— Насколько корректна такая формулировка в вашей биографии: «В 1980-х годах входил в круг ленинградских экономистов-реформаторов, неформальным лидером которых был Анатолий Чубайс».
— Да, это правда. С той поправкой, что начиная с середины 1980-х можно уже говорить о единой московско-ленинградской, гайдаровско-чубайсовской команде экономистов. Об Анатолии Чубайсе я впервые услышал в 1983 году, когда учился на последнем курсе ФИНЭКа. Он тогда был председателем ленинградского совета молодых ученых и вел заседания клуба молодых ученых. Там мы, собственно, и познакомились. Потом стали пересекаться в более неформальной обстановке. Но нужно учитывать одно важное обстоятельство: я был существенно моложе тех людей, которые группировались вокруг Чубайса и Гайдара. И когда в 1987 году при Ленинградском дворце молодежи возник клуб «Синтез», я понял, что круг сверстников-единомышленников мне более интересен.
— «Синтез» был молодежной секцией чубайсовско-гайдаровской команды?
— Нет, мы развивались параллельно. Идея состояла в создании дискуссионной площадки для молодых экономистов, которым было скучновато в клубе «Перестройка», организованном старшими товарищами. Сложилась пятерка активистов: Михаил Маневич, Борис Львин, Андрей Прокофьев, Андрей Илларионов и я. Мы делали доклады, выступали с комментариями. Но было и много других участников. В том числе, например, Алексей Кудрин и Алексей Миллер. «Синтез» был уникальным явлением.

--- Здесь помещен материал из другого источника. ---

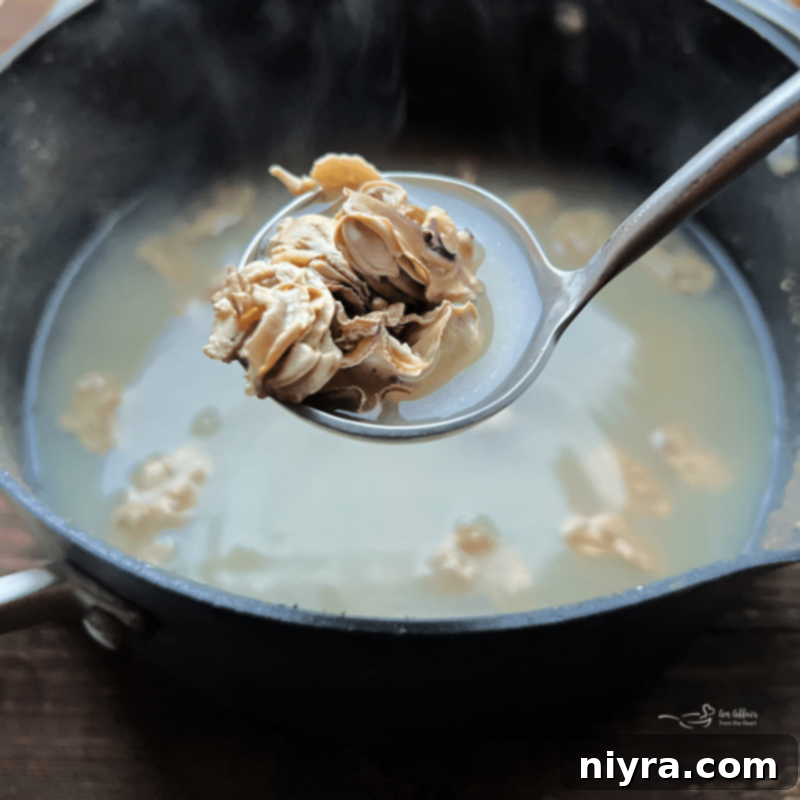 Oysters simmering in a saucepan, their edges just beginning to curl.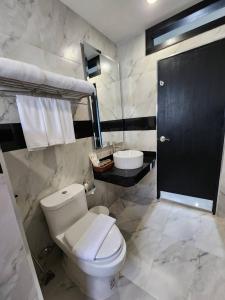 a bathroom with a white toilet and a sink at LHC HOTEL AND RESORT in Pattaya Central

Мы, зеленая молодежь, смогли лучше почувствовать ветер перемен, чем наши более опытные и умудренные жизнью товарищи из группы Гайдара и Чубайса. Так, уже в 1987—1988 годах мы обсуждали почти как неизбежность будущий распад Советского Союза. Уже тогда у нас не было сомнений, что страна движется к настоящему капитализму, а не просто к рыночному социализму, о котором все еще размышляли в гайдаровско-чубайсовской команде. В какой-то момент «Синтез» настолько опередил ее, что нам стало трудно находить общий язык. Это продолжалось, правда, недолго — с 1988 по 1989 год. Само развитие событий сблизило нас.
— Бурную дискуссию в среде либеральных экономистов вызвала тогда идея Виталия Найшуля о ваучерной приватизации. Какую позицию в этом споре занимали вы?
— Очень хорошо помню первое обсуждение программы Найшуля: 1987 год, турбаза в Лосеве. Я неплохо владел стенографией, и меня попросили записывать ход дискуссии. Это была вторая большая совместная конференция группы Гайдара и Чубайса. На первой, состоявшейся за год до этого, разговор шел о том, как внедрять рыночные стимулы в социалистическую систему хозяйствования. В Лосеве все уже было по-другому. Открыто обсуждался переход к экономике, основанной на частной собственности. Но Найшуль получил тогда, что называется, по полной. Большинство было против его идеи. Гайдар разразился критической речью. Мол, Найшуль, делает ошибку, типичную для Милтона Фридмана и его последователей: недооценивает доконтрактные отношения. Просто взять и раздать собственность — значит пренебречь необходимостью выстраивания фундаментальных институтов собственности. Будущий глава ЦБ Сергей Игнатьев доказывал, что наводнение российского рынка производными ценными бумагами равнозначно резкому расширению денежной массы, что дестабилизирует финансовую систему...
Помню, после дискуссии мы вышли на улицу вместе с Петром Филипповым, одним из создателей клуба «Перестройка». Филиппов говорил, что никак не может понять, зачем вообще нужен этот «народный капитализм» с его «старушками-процентщицами». Я доказывал, что это повлияет на мотивацию людей, что у них появится интерес к повышению эффективности предприятий. Мы ходили часа полтора, но так ни о чем и не договорились. По иронии судьбы именно Петр Филиппов, став депутатом Верховного Совета, был ключевым разработчиком законов, касающихся ваучерной приватизации.